> [STORED DATA]:
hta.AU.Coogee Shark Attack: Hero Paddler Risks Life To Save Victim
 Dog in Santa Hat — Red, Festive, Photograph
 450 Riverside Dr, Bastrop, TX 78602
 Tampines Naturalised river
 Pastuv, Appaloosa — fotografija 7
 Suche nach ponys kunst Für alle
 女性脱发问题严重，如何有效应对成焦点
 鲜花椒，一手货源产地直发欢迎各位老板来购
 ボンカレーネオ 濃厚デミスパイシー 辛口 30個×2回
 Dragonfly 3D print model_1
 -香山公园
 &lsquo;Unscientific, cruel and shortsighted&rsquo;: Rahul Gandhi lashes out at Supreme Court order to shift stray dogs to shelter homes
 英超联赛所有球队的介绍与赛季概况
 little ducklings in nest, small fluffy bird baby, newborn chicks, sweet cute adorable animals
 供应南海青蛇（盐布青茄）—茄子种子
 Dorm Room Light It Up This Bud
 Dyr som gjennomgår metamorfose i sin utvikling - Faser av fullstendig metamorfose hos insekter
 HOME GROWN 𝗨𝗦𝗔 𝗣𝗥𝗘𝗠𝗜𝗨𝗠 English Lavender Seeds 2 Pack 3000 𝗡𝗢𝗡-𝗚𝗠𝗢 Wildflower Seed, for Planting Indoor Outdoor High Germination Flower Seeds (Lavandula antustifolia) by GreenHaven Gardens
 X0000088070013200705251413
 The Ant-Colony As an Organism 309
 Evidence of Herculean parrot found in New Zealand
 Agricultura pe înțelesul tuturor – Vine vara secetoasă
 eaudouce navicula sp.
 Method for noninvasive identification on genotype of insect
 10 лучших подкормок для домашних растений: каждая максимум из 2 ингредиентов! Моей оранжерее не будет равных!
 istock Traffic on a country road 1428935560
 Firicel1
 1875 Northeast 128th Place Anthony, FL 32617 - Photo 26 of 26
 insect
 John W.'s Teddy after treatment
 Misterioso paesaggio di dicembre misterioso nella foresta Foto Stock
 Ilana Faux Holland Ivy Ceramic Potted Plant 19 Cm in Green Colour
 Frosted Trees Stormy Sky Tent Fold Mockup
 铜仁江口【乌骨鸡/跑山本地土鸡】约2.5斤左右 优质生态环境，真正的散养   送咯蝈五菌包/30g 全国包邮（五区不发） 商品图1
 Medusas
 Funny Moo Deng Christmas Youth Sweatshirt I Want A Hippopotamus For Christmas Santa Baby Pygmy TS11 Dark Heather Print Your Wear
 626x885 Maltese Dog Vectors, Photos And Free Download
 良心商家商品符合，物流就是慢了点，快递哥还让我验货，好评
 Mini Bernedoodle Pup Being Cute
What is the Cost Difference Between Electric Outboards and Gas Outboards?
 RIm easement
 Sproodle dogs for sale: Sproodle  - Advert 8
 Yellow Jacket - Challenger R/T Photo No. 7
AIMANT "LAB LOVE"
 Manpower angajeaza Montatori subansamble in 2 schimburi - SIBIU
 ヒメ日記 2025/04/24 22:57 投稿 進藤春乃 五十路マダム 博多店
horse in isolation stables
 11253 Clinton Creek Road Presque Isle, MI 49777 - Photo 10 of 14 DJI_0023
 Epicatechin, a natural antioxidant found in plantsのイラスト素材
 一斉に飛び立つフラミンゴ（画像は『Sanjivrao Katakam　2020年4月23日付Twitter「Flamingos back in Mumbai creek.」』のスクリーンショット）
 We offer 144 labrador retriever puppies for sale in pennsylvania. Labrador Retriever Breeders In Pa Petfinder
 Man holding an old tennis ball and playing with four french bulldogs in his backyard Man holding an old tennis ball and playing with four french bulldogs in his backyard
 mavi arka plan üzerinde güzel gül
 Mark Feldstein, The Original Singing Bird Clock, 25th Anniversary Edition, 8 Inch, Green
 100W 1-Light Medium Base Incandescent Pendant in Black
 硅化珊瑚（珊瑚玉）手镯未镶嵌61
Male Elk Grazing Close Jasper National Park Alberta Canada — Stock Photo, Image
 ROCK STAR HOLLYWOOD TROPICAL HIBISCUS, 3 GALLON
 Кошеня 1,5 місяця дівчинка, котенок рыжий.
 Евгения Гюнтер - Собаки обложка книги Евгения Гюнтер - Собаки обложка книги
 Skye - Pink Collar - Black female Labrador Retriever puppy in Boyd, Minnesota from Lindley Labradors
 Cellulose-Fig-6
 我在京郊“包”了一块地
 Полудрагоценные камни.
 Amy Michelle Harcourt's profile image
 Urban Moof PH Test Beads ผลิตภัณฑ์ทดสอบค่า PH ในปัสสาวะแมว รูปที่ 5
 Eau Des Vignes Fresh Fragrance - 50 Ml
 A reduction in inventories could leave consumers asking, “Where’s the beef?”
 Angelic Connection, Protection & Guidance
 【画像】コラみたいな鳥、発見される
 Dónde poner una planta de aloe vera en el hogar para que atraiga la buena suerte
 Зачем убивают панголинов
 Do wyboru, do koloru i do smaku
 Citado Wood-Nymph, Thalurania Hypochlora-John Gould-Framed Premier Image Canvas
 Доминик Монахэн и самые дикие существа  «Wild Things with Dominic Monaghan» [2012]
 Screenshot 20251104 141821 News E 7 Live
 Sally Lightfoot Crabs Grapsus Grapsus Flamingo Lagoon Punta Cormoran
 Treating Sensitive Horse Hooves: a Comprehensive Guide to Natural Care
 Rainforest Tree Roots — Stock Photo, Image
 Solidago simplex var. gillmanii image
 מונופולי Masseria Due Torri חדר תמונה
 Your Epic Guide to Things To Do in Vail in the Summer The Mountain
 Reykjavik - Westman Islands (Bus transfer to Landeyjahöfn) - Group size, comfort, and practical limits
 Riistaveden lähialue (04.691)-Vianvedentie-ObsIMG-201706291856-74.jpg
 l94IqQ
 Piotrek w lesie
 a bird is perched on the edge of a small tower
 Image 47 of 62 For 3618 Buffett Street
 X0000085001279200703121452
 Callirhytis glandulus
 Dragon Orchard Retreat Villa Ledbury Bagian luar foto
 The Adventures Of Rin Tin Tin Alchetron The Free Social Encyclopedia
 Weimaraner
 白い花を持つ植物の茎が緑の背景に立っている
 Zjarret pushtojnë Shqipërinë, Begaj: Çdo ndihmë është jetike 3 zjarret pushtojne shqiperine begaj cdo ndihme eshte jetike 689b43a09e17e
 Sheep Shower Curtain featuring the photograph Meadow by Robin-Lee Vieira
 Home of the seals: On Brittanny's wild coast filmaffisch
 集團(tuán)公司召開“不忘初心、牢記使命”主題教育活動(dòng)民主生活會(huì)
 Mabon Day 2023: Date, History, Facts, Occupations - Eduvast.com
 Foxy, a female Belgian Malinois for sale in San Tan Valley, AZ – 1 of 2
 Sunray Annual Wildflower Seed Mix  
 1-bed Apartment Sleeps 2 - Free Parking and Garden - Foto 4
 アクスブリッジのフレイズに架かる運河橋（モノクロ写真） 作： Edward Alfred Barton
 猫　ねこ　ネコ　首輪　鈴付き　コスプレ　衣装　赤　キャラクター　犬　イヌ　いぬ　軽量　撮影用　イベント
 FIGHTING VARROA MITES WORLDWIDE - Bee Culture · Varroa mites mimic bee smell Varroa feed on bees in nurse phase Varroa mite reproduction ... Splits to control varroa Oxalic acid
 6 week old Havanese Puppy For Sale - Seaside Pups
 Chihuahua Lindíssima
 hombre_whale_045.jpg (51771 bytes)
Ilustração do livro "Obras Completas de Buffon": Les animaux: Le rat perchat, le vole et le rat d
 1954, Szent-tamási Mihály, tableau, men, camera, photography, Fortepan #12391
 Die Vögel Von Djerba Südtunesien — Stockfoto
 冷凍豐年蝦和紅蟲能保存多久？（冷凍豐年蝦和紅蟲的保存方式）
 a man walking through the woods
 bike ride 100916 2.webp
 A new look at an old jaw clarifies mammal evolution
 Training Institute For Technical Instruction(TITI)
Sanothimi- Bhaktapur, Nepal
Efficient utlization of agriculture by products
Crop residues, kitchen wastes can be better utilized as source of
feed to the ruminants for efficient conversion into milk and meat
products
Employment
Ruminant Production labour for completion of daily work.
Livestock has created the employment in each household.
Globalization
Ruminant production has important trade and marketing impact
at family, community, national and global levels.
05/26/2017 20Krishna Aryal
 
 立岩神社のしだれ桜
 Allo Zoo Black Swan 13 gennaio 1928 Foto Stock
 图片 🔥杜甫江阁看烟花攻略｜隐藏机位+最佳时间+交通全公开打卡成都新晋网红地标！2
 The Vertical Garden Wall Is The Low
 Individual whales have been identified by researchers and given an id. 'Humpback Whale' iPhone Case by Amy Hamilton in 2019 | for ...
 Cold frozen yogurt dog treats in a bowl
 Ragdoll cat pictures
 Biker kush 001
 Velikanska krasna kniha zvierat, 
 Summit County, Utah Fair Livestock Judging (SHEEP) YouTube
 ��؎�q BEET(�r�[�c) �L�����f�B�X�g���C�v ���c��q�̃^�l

> [EXERCISE REQUIREMENTS]:
The first line of the data, the line with "Dorm Room Light It Up This Bud", and all lines in between are to be copied exactly. Leave out everything else.

> [TASK RESPONSE]:
hta.AU.Coogee Shark Attack: Hero Paddler Risks Life To Save Victim
 Dog in Santa Hat — Red, Festive, Photograph
 450 Riverside Dr, Bastrop, TX 78602
 Tampines Naturalised river
 Pastuv, Appaloosa — fotografija 7
 Suche nach ponys kunst Für alle
 女性脱发问题严重，如何有效应对成焦点
 鲜花椒，一手货源产地直发欢迎各位老板来购
 ボンカレーネオ 濃厚デミスパイシー 辛口 30個×2回
 Dragonfly 3D print model_1
 -香山公园
 &lsquo;Unscientific, cruel and shortsighted&rsquo;: Rahul Gandhi lashes out at Supreme Court order to shift stray dogs to shelter homes
 英超联赛所有球队的介绍与赛季概况
 little ducklings in nest, small fluffy bird baby, newborn chicks, sweet cute adorable animals
 供应南海青蛇（盐布青茄）—茄子种子
 Dorm Room Light It Up This Bud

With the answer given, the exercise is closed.